Guess the Name Game

Generate printable entry slips for 'Guess the Mystery Item' games at fairs, parties, and events. Includes organiser answer card and customizable number of slips.

The mystery item people need to guess

10-100 slips

Generate 10 to 100 Numbered Entry Slips for Mystery-Item Games

Type the name of the mystery item (the teddy bear at the school fair, the cake at the wedding, the doll at the church fete) and set the slip count anywhere from 10 to 100. The tool produces an organiser answer card showing the item name, plus a printable grid of numbered entry slips with blank lines for Your Name and Your Guess. Each slip is uniquely numbered which makes finding the winning guess fast.

The default of 20 slips is right for most school summer fairs and church coffee mornings. Wedding receptions and larger fundraisers often get through 60 to 100 slips. Print at 85% to 90% browser zoom for the cleanest cut-line spacing on A4 - the printable preview hint says exactly that. The Download JPG button gives you a fallback image if you would rather email the slip sheet to a print shop than print at home.

Running the Game on the Day

Set up at the stall with the bowl, jar or table holding the mystery item, a pile of cut entry slips, a few pens, and an honesty box for the entry fee (most school fairs charge 50p or Β£1 per guess). Players write their name and guess on a slip and post it through a slot or drop it in a bowl. At the end of the event, sort the slips and find the closest guess.

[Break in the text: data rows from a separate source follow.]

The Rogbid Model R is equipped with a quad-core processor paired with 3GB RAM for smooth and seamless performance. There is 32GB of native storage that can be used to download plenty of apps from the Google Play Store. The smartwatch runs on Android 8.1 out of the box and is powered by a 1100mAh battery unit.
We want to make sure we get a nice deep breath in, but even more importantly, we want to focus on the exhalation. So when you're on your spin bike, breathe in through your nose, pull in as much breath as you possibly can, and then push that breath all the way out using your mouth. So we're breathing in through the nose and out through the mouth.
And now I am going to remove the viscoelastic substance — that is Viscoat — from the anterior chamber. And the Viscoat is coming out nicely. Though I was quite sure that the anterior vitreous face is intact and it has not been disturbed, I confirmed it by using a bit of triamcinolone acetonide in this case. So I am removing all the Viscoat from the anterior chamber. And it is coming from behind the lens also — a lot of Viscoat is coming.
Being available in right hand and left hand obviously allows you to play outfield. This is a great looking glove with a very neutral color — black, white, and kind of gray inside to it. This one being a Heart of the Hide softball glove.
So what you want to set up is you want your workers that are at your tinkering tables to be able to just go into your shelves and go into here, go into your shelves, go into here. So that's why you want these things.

Common ways the game falls apart: 1) handwriting is illegible, so always provide pens with reliable ink and not pencil; 2) two people guess the exact same value, in which case the rule is usually first-slip-in wins or both win and split the prize; 3) people peek at others' slips, which the small slip size helps prevent. Keep the organiser answer card sealed in an envelope and only open it in front of witnesses at the reveal. For a complete kids' fair, pair this with the [Bingo Card Generator](/bingo-card-generator) for a printable bingo round.

Frequently Asked Questions

How many entry slips should I print for a school fair?

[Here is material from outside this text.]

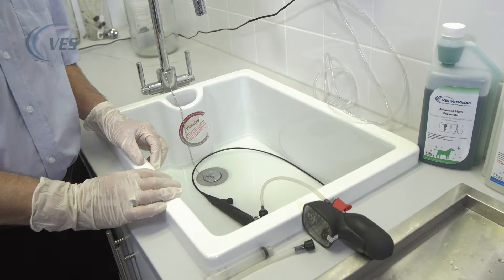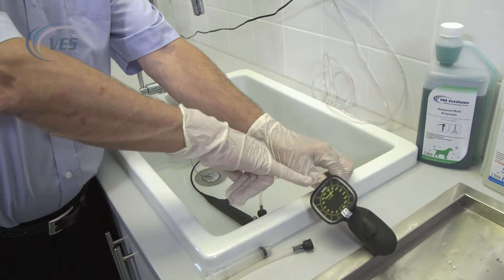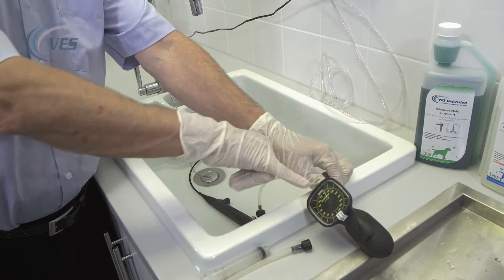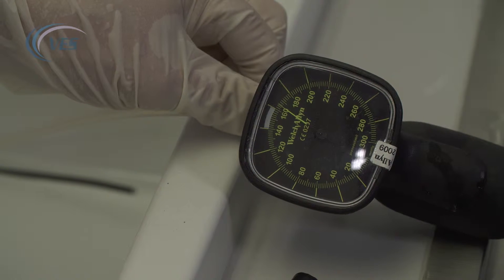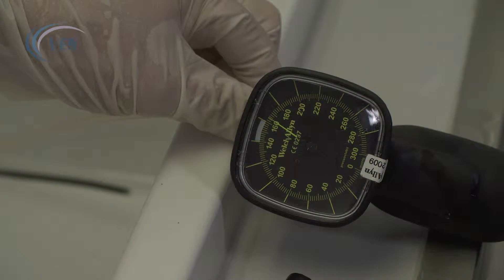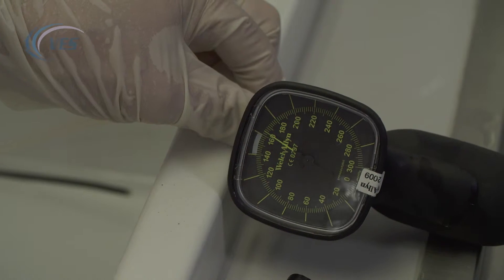With the scope immersed in the Enzymatic, we have to ensure that the leak tester remains dry, so that stays outside of the sink, and that the pointer remains constant at 160 milligrams of mercury. If that pointer starts to drop, take the scope out of the chemistry and phone our service department — it could be something that we need to talk to you about over the phone.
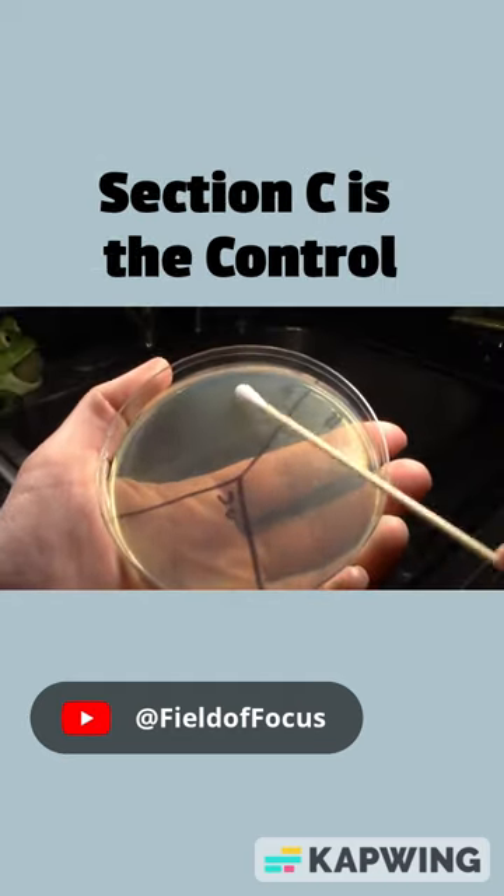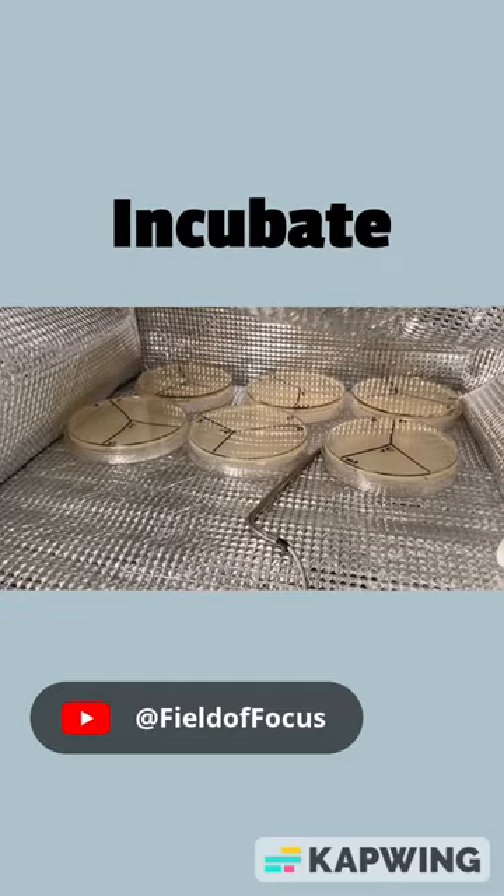As a control, nothing goes there. Next, incubate the Petri dishes and wait for the results.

20 to 30 covers a small classroom-level event. A whole-school summer fair needs 60 to 100, especially if the prize is appealing. As a rough rule, expect 1 in 5 to 1 in 10 attendees to enter; a 200-pupil school plus families means around 600 attendees, so plan for 60 to 120 slips. The tool caps at 100 per generation, so for very large events you can run two batches with different starting numbers (number the second batch 101 to 200).

What is the difference between guess the name and guess the weight?

Both are mystery-guessing fundraisers that use the same slip format. "Guess the name" works for an item with a personality (a teddy bear named Snuffles, a doll, a stuffed animal). "Guess the weight" works for cakes, jars of sweets or fruit baskets. The slip and the organiser card produced here work identically for both - just change the wording on the entry slip's prompt or write it in by hand.

Can I include a photo of the mystery item on the slip?

Not in the digital generator currently. The tool produces text-only slips with the slip number, name field, guess field and a footer label. If you need a photo (which can boost engagement at fundraisers) print the slips here and the photo separately on coloured A4 to display at the stall, or paste a small photo into the JPG with any image editor before printing.

What happens if two people guess the same name and it is correct?

The most common rule is first-slip-in wins, decided by the slip number (lower numbered slip wins because it was filled in first). The other common rule is split the prize equally between all correct guessers. Decide before the event starts and write the rule on the organiser answer card so you do not get caught out. Some larger fundraisers use a tie-breaker question ("how many gummy bears in the jar" with the closest answer winning).